Your market-analysis checklist
Project notes: the slice that set the run
▸ From the notebook · optional reading
Talking Dan and Anna Hartley down from a million-pound TAM to a 3,000-unit slice in Stockport, and how that number quietly set the whole first run.
3 min read · click to open
Dan arrived with a slide. UK bakeware was worth a great deal of money, the deck said, and “we only need half a percent.” It is the most natural mistake in the world, and the most dangerous, because half a percent of a huge number still looks like a business while telling you nothing you can act on.
So we worked it the other way round, at the kitchen table in Stockport. Not “what is the market worth”, but “how many people, exactly, will buy this thing, from where, at £149, in the first year?”
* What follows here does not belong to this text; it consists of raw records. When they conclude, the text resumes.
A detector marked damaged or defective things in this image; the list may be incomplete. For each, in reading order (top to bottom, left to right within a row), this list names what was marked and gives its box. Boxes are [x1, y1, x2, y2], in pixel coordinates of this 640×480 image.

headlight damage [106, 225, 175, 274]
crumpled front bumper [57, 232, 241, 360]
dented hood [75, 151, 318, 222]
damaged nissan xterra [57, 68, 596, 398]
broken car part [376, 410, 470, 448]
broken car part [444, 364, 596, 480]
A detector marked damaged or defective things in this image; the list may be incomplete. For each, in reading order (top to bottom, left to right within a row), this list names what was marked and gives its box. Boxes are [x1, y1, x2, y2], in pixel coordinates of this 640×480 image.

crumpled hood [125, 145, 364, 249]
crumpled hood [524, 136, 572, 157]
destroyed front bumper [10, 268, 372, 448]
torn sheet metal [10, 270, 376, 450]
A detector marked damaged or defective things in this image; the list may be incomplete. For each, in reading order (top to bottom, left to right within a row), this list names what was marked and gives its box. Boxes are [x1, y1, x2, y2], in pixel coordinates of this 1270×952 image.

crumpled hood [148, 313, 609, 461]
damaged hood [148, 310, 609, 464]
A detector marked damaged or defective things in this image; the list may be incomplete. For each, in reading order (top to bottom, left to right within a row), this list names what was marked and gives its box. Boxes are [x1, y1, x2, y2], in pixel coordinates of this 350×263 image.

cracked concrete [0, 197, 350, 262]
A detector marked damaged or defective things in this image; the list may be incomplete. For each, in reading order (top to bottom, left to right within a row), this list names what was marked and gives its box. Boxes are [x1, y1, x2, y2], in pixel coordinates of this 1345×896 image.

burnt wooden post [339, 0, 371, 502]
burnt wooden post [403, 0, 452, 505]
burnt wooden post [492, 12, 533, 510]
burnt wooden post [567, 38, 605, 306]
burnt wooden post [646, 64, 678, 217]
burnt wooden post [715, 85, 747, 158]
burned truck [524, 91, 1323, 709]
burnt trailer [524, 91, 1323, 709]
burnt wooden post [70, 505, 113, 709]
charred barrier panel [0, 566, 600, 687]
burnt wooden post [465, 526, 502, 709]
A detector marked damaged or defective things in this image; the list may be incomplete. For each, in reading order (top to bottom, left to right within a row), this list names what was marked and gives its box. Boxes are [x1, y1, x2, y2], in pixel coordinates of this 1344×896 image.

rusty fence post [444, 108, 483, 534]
Building it up from real people
Total market: every UK home sourdough baker. A big, soft number, and useless on its own, because most of them own a banneton and a tea towel and consider that sufficient. Serviceable market: serious bakers in cold kitchens who already spend on premium kit and could be reached through DTC and the Sourdough School audience. That dropped us to tens of thousands, which already felt more honest.
Obtainable market was the one that mattered. I asked Dan a blunt question: forget the spreadsheet, how many of these can the two of you actually pack, ship and answer emails about in a year, while sourcing ceramic and not losing your minds? The honest answer was a first run of 500 to 1,000, climbing toward maybe 3,000 across year one.
Where the number earned its keep
That 3,000 was not a disappointment. It was the most useful figure in the whole evaluation, because everything downstream geared to it. The first ceramic tooling order was sized for hundreds, not thousands, so the cash outlay stayed survivable. The £149 price had to hold a margin at low volume, which killed any temptation to add cost. And it set a clear bar for whether the obtainable slice was even real.
Anna put it best: “So we’re not chasing the whole market, we’re proving we can win a corner of it.” Exactly. The million-pound TAM went in the appendix where it belonged. The 3,000-unit slice went on the wall, because that was the number the production plan, the tooling spend and the price all answered to.